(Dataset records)
Segment Open

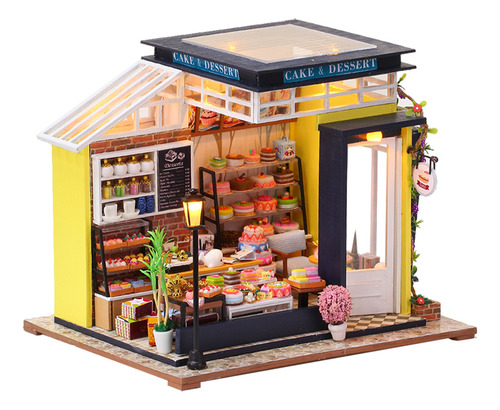 Kit De Casa De Muñecas En Miniatura Para Bricolaje Con Muebl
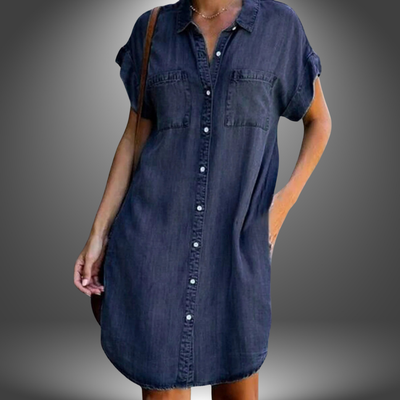 Cecilia | Abito in Jeans Artigianale da Donna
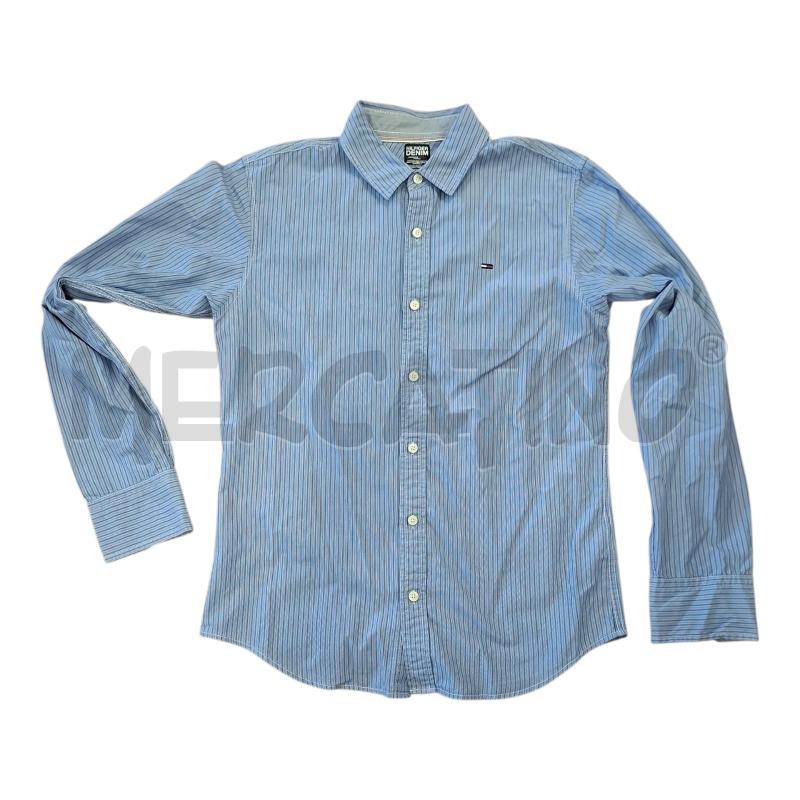 CAMICIA UOMO ML FANT AZZ BLU HILFIGER DENIM TG.S | Mercatino dell'Usato Frossasco 1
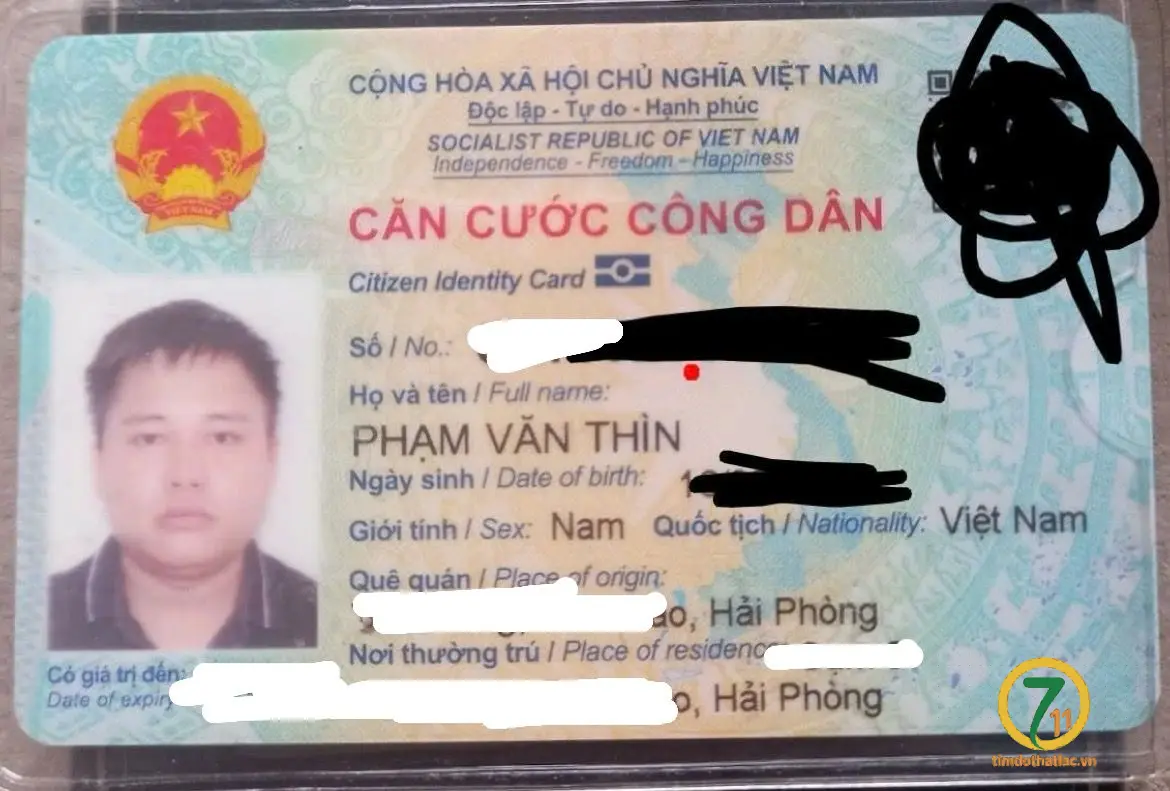 ‼️Hải Phòng: Tìm ví giấy tờ có tên Phạm Văn Thìn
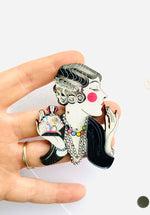 Load image into Gallery viewer, Unusual Art Deco Retro Style Acrylic Brooch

Segment Closed

BRIEF: With images omitted, output the data exactly as given.

SOLUTION TO THE EXERCISE:
 Kit De Casa De Muñecas En Miniatura Para Bricolaje Con Muebl
 Cecilia | Abito in Jeans Artigianale da Donna
 CAMICIA UOMO ML FANT AZZ BLU HILFIGER DENIM TG.S | Mercatino dell'Usato Frossasco 1
 ‼️Hải Phòng: Tìm ví giấy tờ có tên Phạm Văn Thìn
 Load image into Gallery viewer, Unusual Art Deco Retro Style Acrylic Brooch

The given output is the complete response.